EXERCISE
Leaving the pictures aside, transcribe the data below exactly.

DATASET SECTION
━━━━━━━━━━
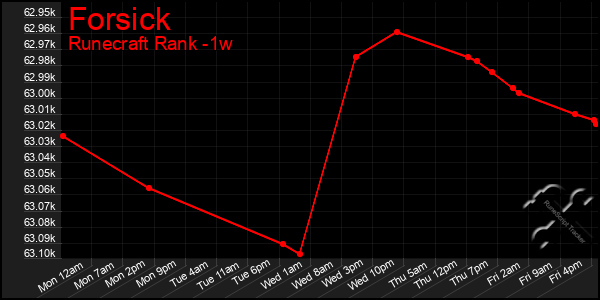 Last 7 Days Graph of Forsick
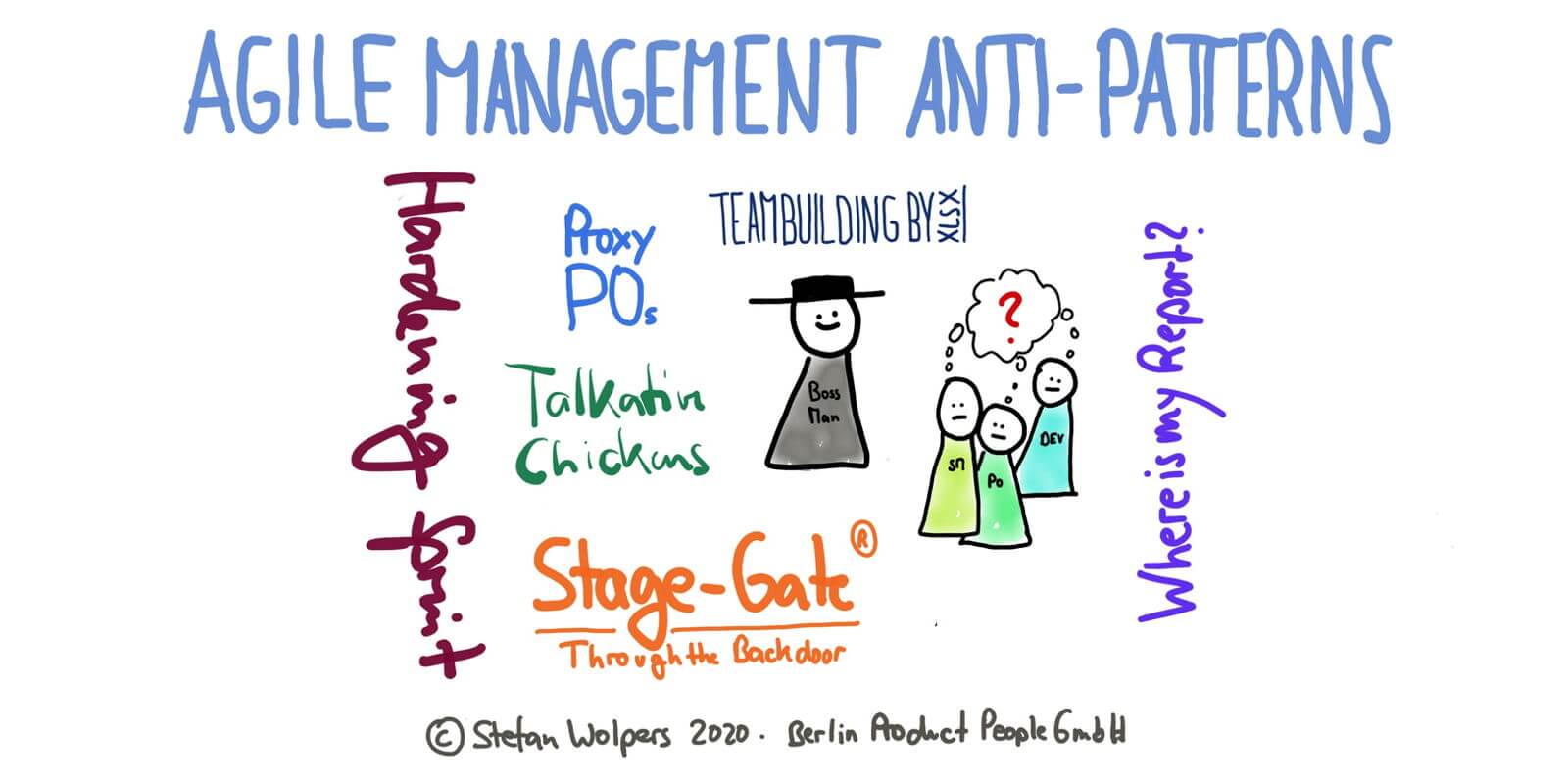 Agile Management Anti-Patterns: An Introduction for the Aspiring Servant Leader — Age-of-Product.com
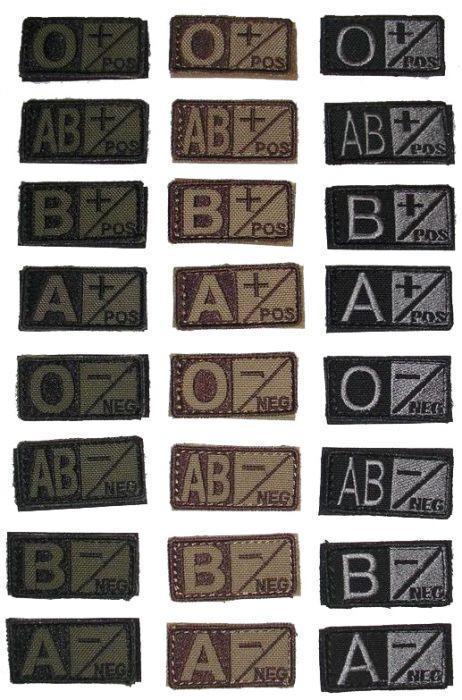 Condor Blood Type Patches-Tactical Source LLC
━━━━━━━━━━
RESULT FOR THIS EXERCISE
 Last 7 Days Graph of Forsick
 Agile Management Anti-Patterns: An Introduction for the Aspiring Servant Leader — Age-of-Product.com
 Condor Blood Type Patches-Tactical Source LLC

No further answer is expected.